- _Collected data_

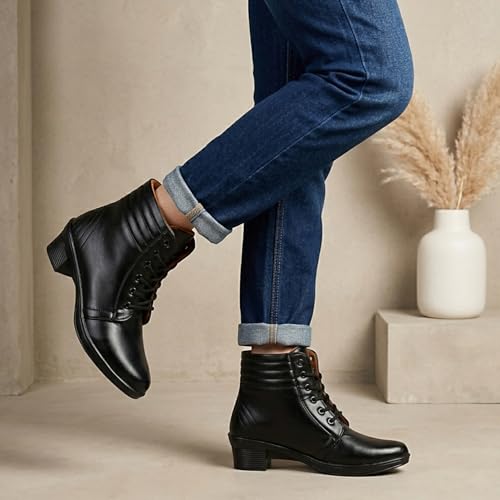 Image of KRAFTER Women's Lace-Up Ankle Boots - Fashionable Faux Leather Block Heel Booties Low Heel - Trendy Combat-Inspired Casual Shoes for Daily Wear, Black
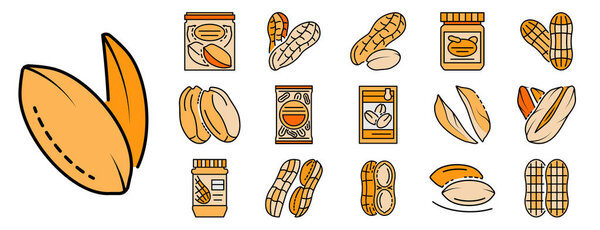 Peanut icon set line color vector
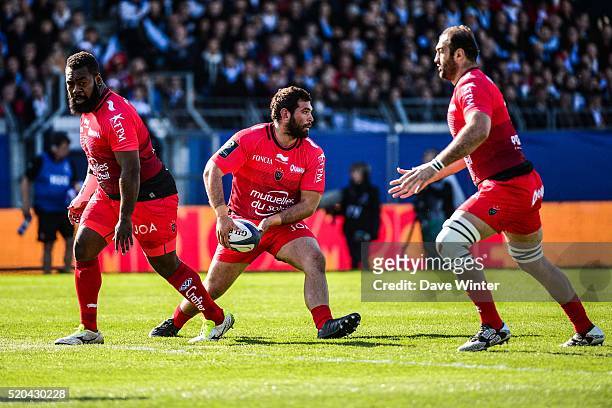 Florian Fresia of Toulon during the European Rugby Champions Cup Quarter Final between Racing 92 v RC Toulon at Stade Yves Du Manoir on April 10,...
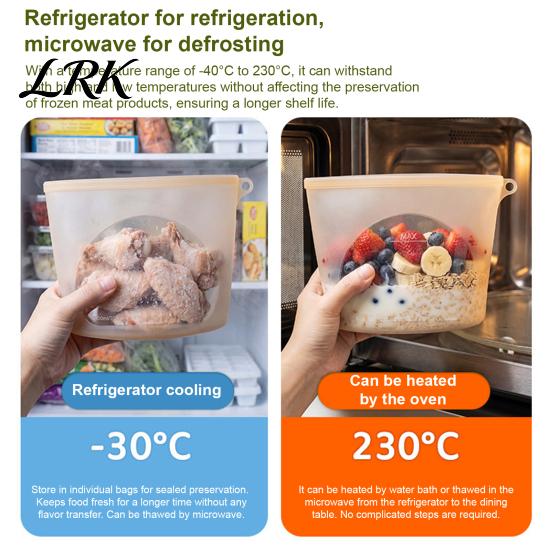Контейнеры для пищевых продуктов, безопасные для криогенной заморозки, Силиконовый пакет для хранения, Двойное уплотнение, Многоразовый, Герметичный, Экологичный, Вакуумные пакеты, Пищевой класс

- _What this task involves_
Without the pictures, write out the listing exactly as it appears above.

- _Reply_
 Image of KRAFTER Women's Lace-Up Ankle Boots - Fashionable Faux Leather Block Heel Booties Low Heel - Trendy Combat-Inspired Casual Shoes for Daily Wear, Black
 Peanut icon set line color vector
 Florian Fresia of Toulon during the European Rugby Champions Cup Quarter Final between Racing 92 v RC Toulon at Stade Yves Du Manoir on April 10,...
Контейнеры для пищевых продуктов, безопасные для криогенной заморозки, Силиконовый пакет для хранения, Двойное уплотнение, Многоразовый, Герметичный, Экологичный, Вакуумные пакеты, Пищевой класс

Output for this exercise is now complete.